▸ Task brief:
Please copy exactly the part of the records below that opens with the line containing "A luxury super" and closes with the line containing "8216 Fenway Road", leaving out any pictures.

▸ Records shown:
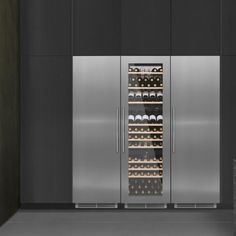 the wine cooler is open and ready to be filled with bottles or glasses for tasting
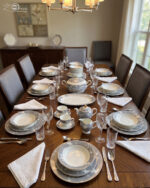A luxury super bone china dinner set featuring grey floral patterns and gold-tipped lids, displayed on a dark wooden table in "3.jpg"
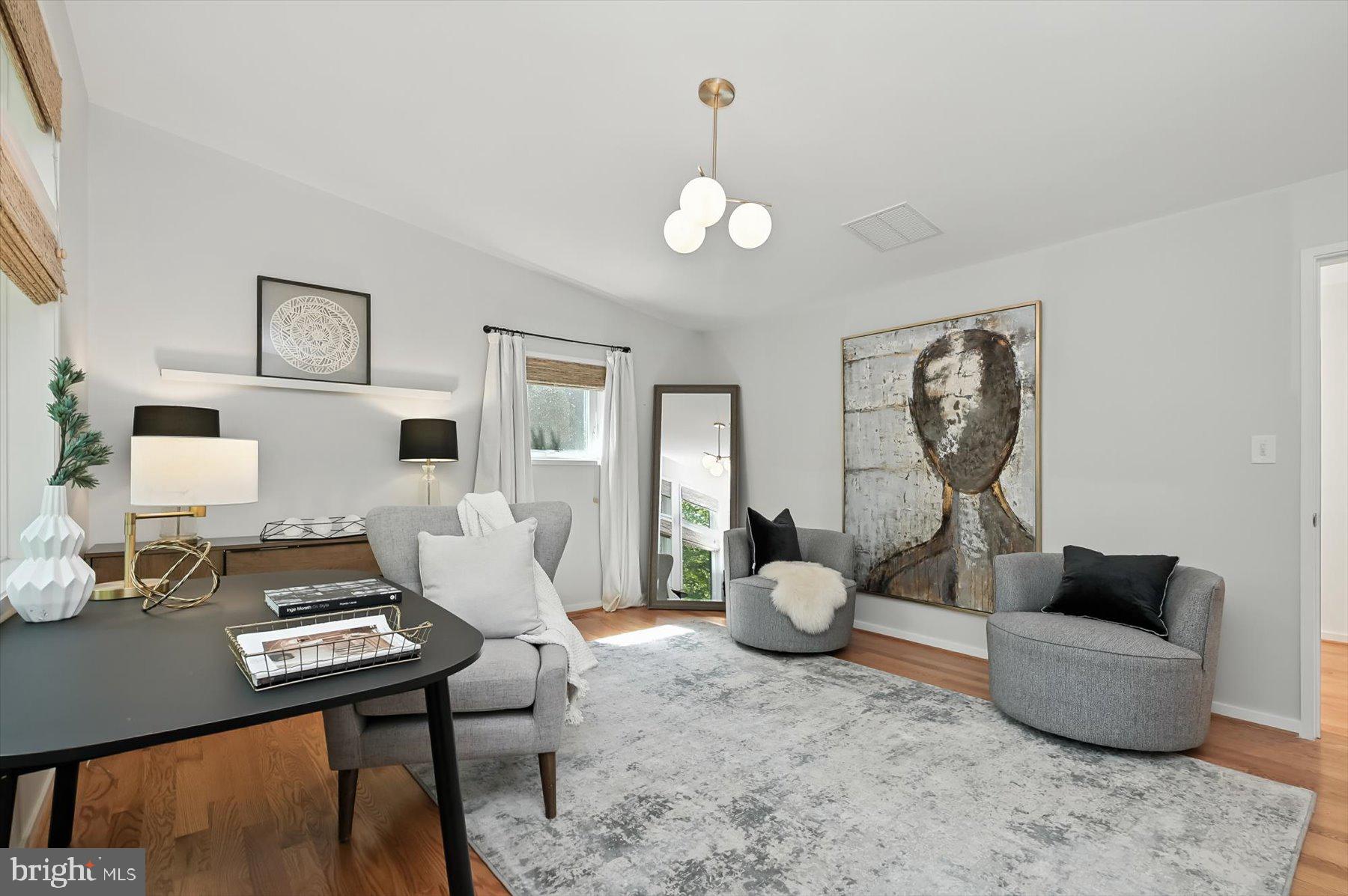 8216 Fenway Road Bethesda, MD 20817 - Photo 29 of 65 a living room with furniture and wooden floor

==

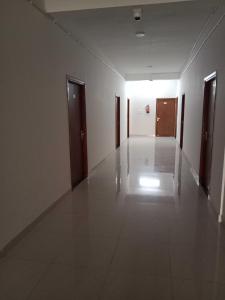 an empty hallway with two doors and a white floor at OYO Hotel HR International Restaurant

▸ Answer to this exercise:
A luxury super bone china dinner set featuring grey floral patterns and gold-tipped lids, displayed on a dark wooden table in "3.jpg"
 8216 Fenway Road Bethesda, MD 20817 - Photo 29 of 65 a living room with furniture and wooden floor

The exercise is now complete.